■ Data excerpts:
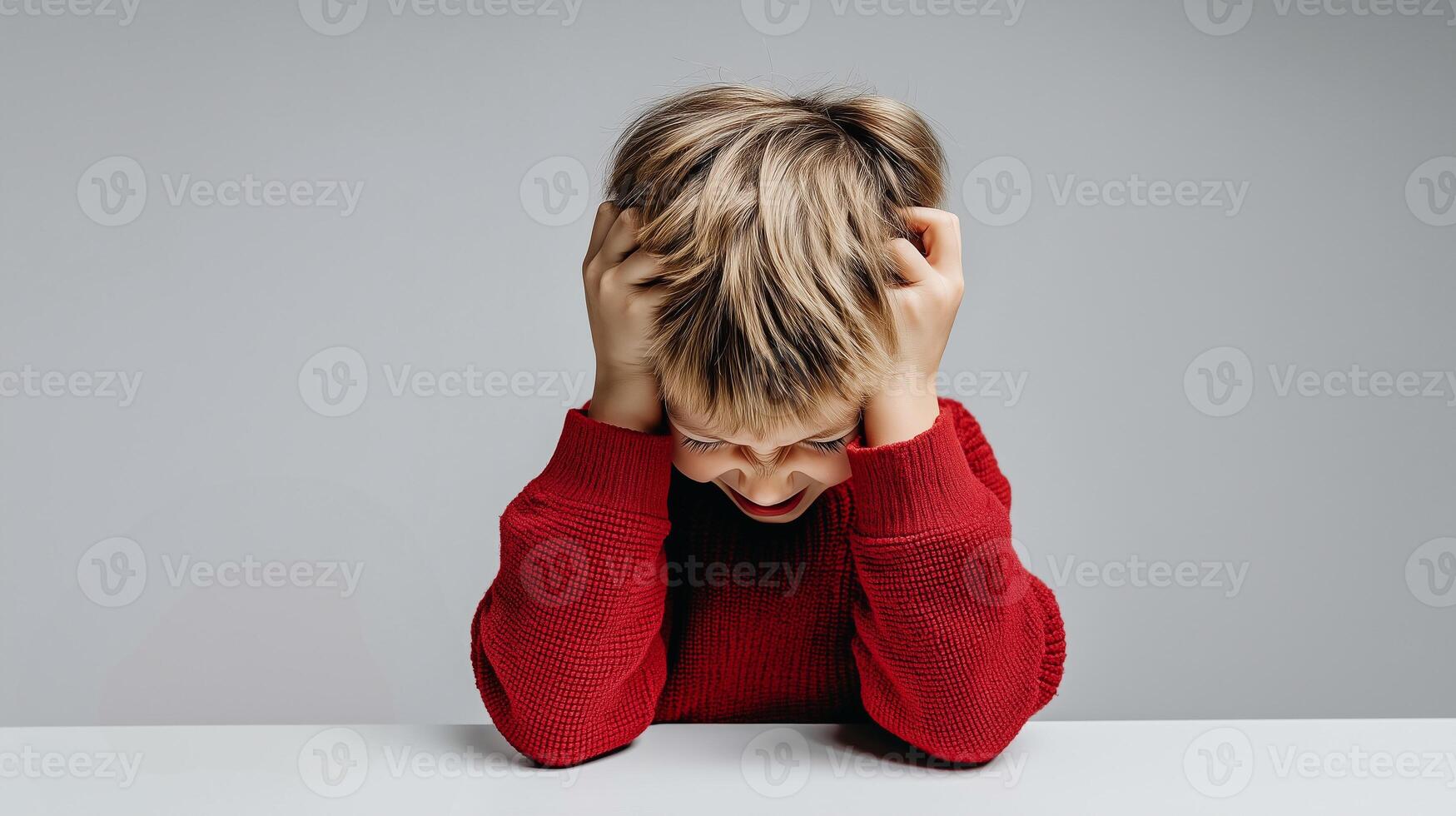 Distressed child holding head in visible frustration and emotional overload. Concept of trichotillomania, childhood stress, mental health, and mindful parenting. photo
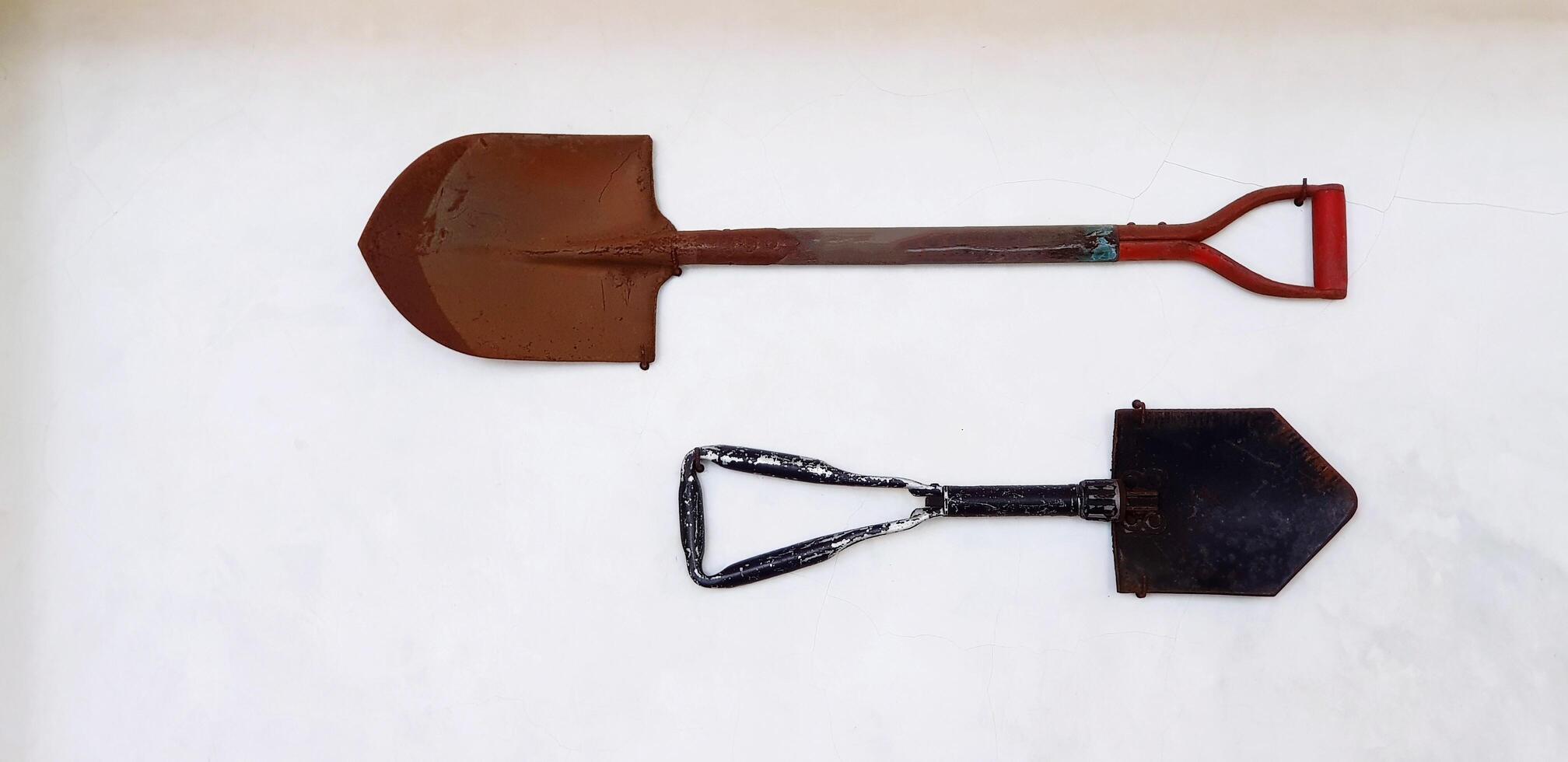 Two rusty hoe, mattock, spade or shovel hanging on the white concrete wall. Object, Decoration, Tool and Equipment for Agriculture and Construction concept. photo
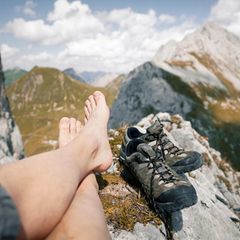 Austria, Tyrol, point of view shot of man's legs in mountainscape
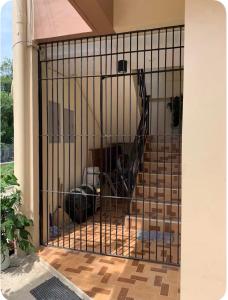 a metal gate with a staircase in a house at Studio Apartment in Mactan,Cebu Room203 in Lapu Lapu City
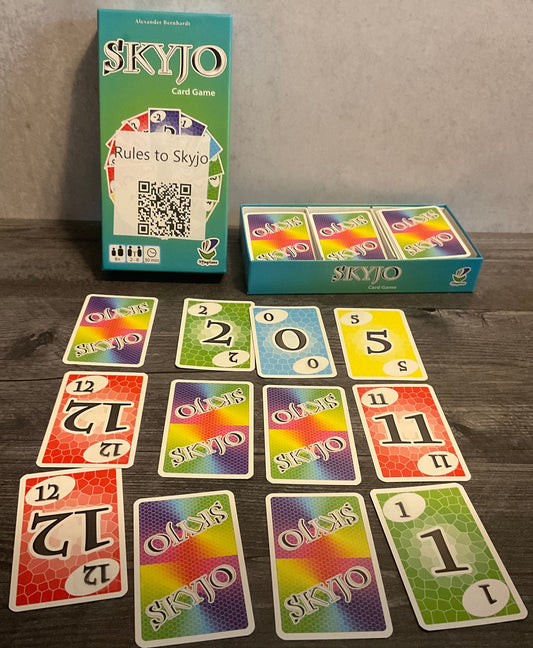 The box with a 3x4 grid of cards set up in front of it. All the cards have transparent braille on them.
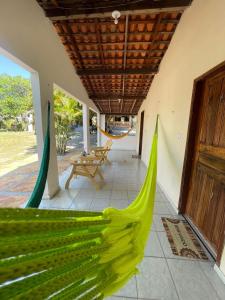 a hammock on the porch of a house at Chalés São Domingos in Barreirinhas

--

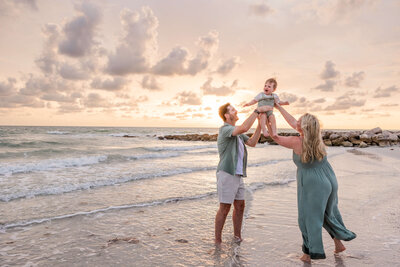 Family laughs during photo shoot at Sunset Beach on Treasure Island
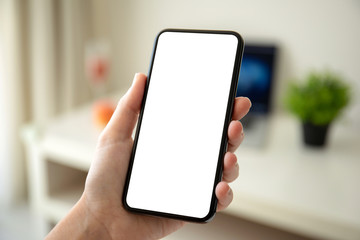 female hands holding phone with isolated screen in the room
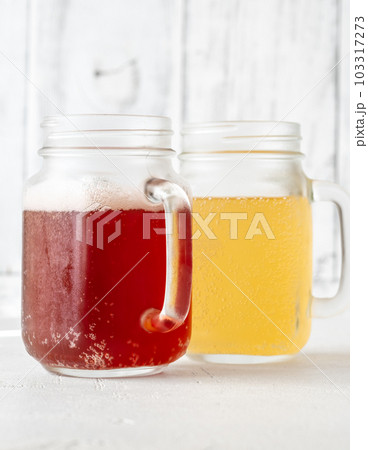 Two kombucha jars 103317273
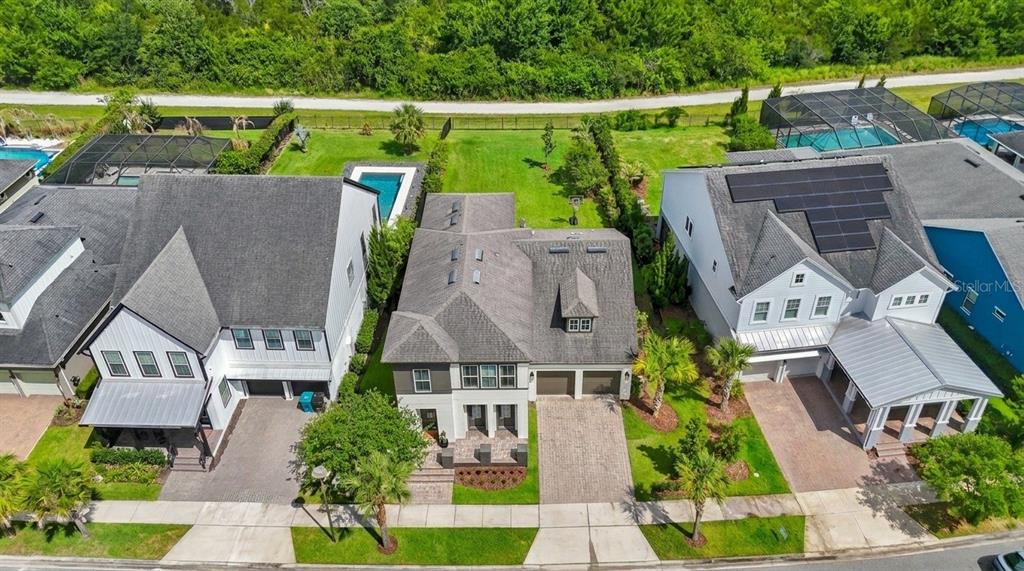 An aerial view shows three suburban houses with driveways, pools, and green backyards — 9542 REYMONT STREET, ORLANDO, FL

■ Task directions: Beginning with the line above that contains "Distressed child holding" and finishing with the line that contains "a metal gate", print those lines exactly and only. Skip all pictures.

■ Your response:
 Distressed child holding head in visible frustration and emotional overload. Concept of trichotillomania, childhood stress, mental health, and mindful parenting. photo
 Two rusty hoe, mattock, spade or shovel hanging on the white concrete wall. Object, Decoration, Tool and Equipment for Agriculture and Construction concept. photo
 Austria, Tyrol, point of view shot of man's legs in mountainscape
 a metal gate with a staircase in a house at Studio Apartment in Mactan,Cebu Room203 in Lapu Lapu City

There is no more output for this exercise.